団三郎と鬼王は向き合い、まず団三郎が鬼王に呼びかけ、進退が極まったと言います。鬼王も同調し、是非を弁えず、思うに何処でも命を捨てることが肝要であり、ここで団三郎と刺し違えようと返します。二人は扇を胸に入れ、片袖脱ぐと、団三郎が。たしかに何処にても命を捨てることが肝要で、いざ刺し違えようと言って、二人は胸を取り合い、鬼王が「尤にて候」と答えます。
ここでシテが立ち上がり、ああ暫くと二人を止めに入ります。続いて十郎が声をかけ、まず心を静めて聞くようにと言うと、三人双手突キ礼の形で十郎を見ます。十郎は、今夜此処で祐経を討ち、自分たち兄弟が死んでしまったならば、故郷の母に誰がこのような子細だったと語るのか。敬う人に従うのは君臣の礼、これを聞かなかければ後の世までも勘当だと言い、地謡となります。シテは立って地謡座前に戻り下居。地謡の「さらば形見を賜はらんと」の謡に団三郎、鬼王は体を起こし、続く「言ふ声の下よりも」で再び双手突キ礼、「不覚の涙せきあえず」と片シオリします。

クリで二人向き合って袖を直し、胸から扇を出して十郎を向くと双手突キ礼。
十郎のサシで二人は正面を向き、地謡に。「我等を隔てぬ習なり」で二人、十郎と向き合って再び双手突キ礼の形になります。
クセとなり、「今はの時に書く文の」で十郎は胸元から文を出して、何やら書きつける形。「老少不定と聞く時は」で団三郎が扇を広げ、立って十郎に寄り文を受け取って下がり下居します。「その時時致も」でシテも胸元から守りを取り出して鬼王を向きます。「時致は母上に添ひ申したると思し召せ」で鬼王は扇を広げると、立ち上がってシテに寄り、守りを受け取ると、下がって下居します。

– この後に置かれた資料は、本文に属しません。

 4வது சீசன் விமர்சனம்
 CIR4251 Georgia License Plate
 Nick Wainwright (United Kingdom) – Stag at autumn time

十郎が「既にこの日も入相の」と謡って地謡となり、「さらばよ急げ」で四人向き合い、「涙を文に巻き籠めて」と団三郎、鬼王はシオリつつ立ってゆっくりと橋掛りへ。十郎は立って常座へ、シテも立ち上がって正中と角のあいだ辺りに立ち、団三郎と鬼王を見送る形。二人は目付柱の方を向き、十郎は立ったまま、シテは片膝立ててシオリ、大小のアシライで二人中入りとなりました。